Hace 20 años fui a ver un entrenamiento del Real Madrid. Era en la antigua Ciudad Deportiva de La Castellana donde todo era auténtico. Entrenaban en dos campos separados por vallas metálicas. Se escuchaban los gritos y las bromas, el silbato del entrenador y hasta la respiración de los jugadores. En el partidillo me impresionó el sonido de los tacos de Fernando Hierro rasgando el césped. Sin duda era el que más fuerte entrenaba, en las entradas, en los disparos y en los pases largos que ensayaba una y otra vez. Fue como ver un rodaje de Hollywood y aprendí que los futbolistas son deportistas de verdad, no lejanos dibujos animados.

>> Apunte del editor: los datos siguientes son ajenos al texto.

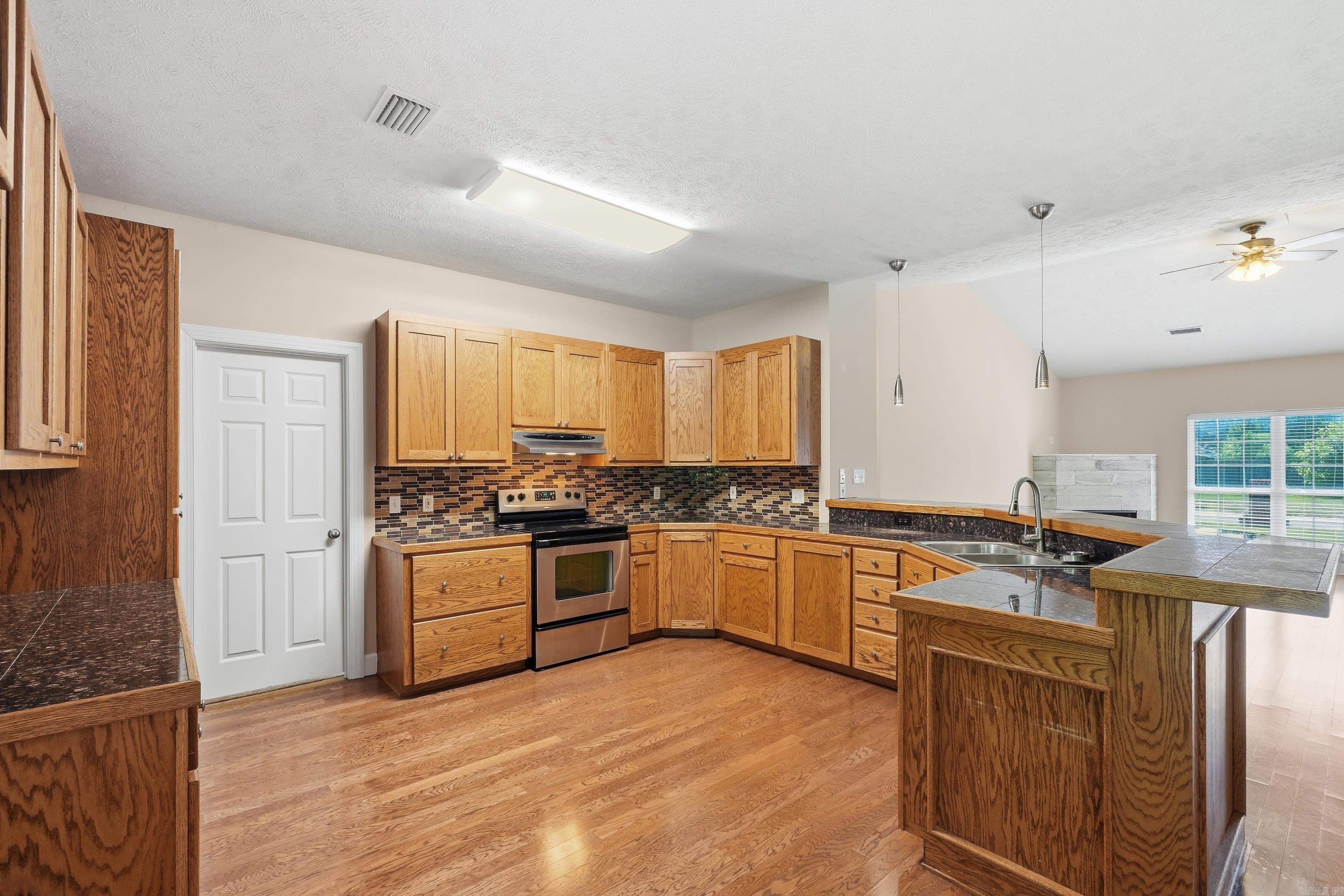 55 Waterloo Loop Property Photo 14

Hay futbolistas que juegan buscando las reacciones de la grada, que saben sacar provecho de su público, presionar al árbitro, buscar un revulsivo en sus compañeros. Eso no lo veremos. Pero disfrutaremos del fútbol al desnudo y quizá nos sorprendan algunos jugadores que funcionen mejor despresurizados. Un ejemplo pasado fue aquel Real Madrid-Nápoles con el Bernabéu vacío en el que Chendo se creció tanto que le tiró un caño a Maradona. "Los pajaritos dispararon a las escopetas", comentó Jorge Valdano en la tele.

Por eso la puerta cerrada tiene también algo de verdad, de deporte olímpico. El sudor, la hierba cortada, los latiguillos (¡Arbi!, ¡solo!, ¡voy!) o el sonido salvaje de un balonazo al poste. Me apetece ver el fútbol desnudo aunque sea por obligación y por un rato. Estoy con el síndrome del mendigo de Eduardo Galeano: "No soy más que un mendigo de buen fútbol. Voy por el mundo, sombrero en mano, y en los estadios suplico una linda jugadita por amor de Dios. Cuando ocurre, agradezco el milagro sin que me importe un rábano cuál es el club o el país que me lo ofrece".